2.3. Device Addressing and Discovery
Data operations to a storage device require the client to know the
network address of the storage device. The NFSv4.1+ GETDEVICEINFO
operation (Section 18.40 of [RFC5661]) is used by the client to
retrieve that information.
2.3.1. pnfs_rdma_device_addr4
The "pnfs_rdma_device_addr4" data structure is returned by the server
as the storage-protocol-specific opaque field da_addr_body in the
"device_addr4" structure by a successful GETDEVICEINFO operation
[RFC5661]. It contains the network address of the storage device.
The RDMA Connection manager (RDMA/CM) shall be used to establish the
queue pair for the RDMA READ and RDMA WRITE operations used by the
layout. Details of connection establishment will be provided in
future versions of this document.
/// struct pnfs_rdma_device_addr4 {
/// struct netaddr4 addr; /* address of the device */
/// };
///
2.4. Data Structures: Extents and Extent Lists
A pNFS RDMA layout is a list of extents within a flat array of data
in a device. The RDMA layout describes the individual byte ranges
(extents) on the device that make up the file. The offsets and
length contained in an extent are specified in units of bytes.
Hellwig Expires January 3, 2018 [Page 7]
Internet-Draft pNFS RDMA Layout July 2017
/// enum pnfs_rdma_extent_state4 {
/// PNFS_RDMA_READ_WRITE_DATA = 0, /* the data located by
/// this extent is valid
/// for reading and
/// writing. */
/// PNFS_RDMA_READ_DATA = 1, /* the data located by this
/// extent is valid for
/// reading only; it may not
/// be written. */
/// PNFS_RDMA_INVALID_DATA = 2, /* the location is valid; the
/// data is invalid. It is a
/// newly (pre-) allocated
/// extent. The client MUST
/// not read from this
/// space */
/// PNFS_RDMA_NONE_DATA = 3 /* the location is invalid.

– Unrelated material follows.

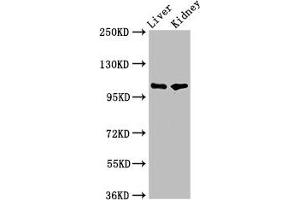 Western Blot Positive WB detected in: Rat liver tissue, Mouse kidney tissue All lanes: PEAR1 antibody at 5. (PEAR1 Antikörper  (AA 932-1037))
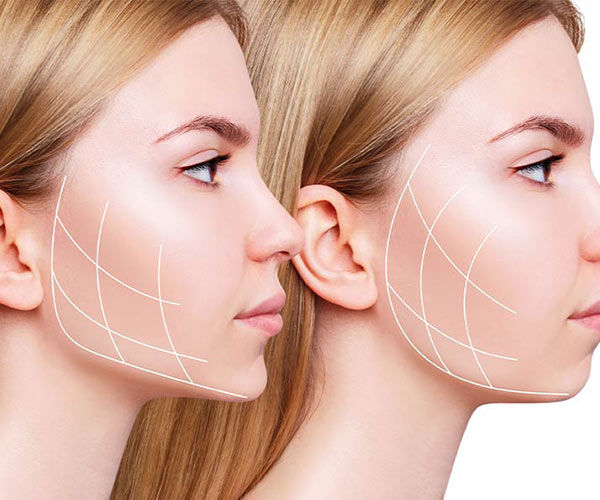 تزریق فیلر برای زاویه سازی فک چگونه انجام میشود؟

/// It is a hole in the file.
/// The client MUST NOT read
/// from or write to this
/// space */
/// };
///
/// struct pnfs_rdma_extent4 {
/// deviceid4 re_device_id; /* id of the device on
/// which extent of file is
/// stored. */
/// offset4 re_file_offset; /* starting byte offset
/// in the file */
/// uint32 re_handle; /* registered memory
/// handle */
/// length4 re_length; /* size in bytes of the
/// extent */
/// offset4 re_storage_offset;/* starting byte offset
/// in the volume */
/// pnfs_rdma_extent_state4 re_state;
/// /* state of this extent */
/// };
///
/// /* RDMA layout-specific type for loc_body */
/// struct pnfs_rdma_layout4 {
/// pnfs_rdma_extent4 rl_extents<>;
/// /* extents which make up this
/// layout. */
/// };
///
Hellwig Expires January 3, 2018 [Page 8]
Internet-Draft pNFS RDMA Layout July 2017
The RDMA layout consists of a list of extents that map the regions of
the file to locations on a device. The "re_storage_offset" field
within each extent identifies a location on the device specified by
the "re_device_id" field in the extent.
Each extent maps a region of the file onto a portion of the specified
device. The re_file_offset, re_length, and re_state fields for an
extent returned from the server are valid for all extents. In
contrast, the interpretation of the re_storage_offset field depends
on the value of re_state as follows (in increasing order):
PNFS_RDMA_READ_WRITE_DATA means that re_storage_offset is valid, and
points to valid/initialized data that can be read and written.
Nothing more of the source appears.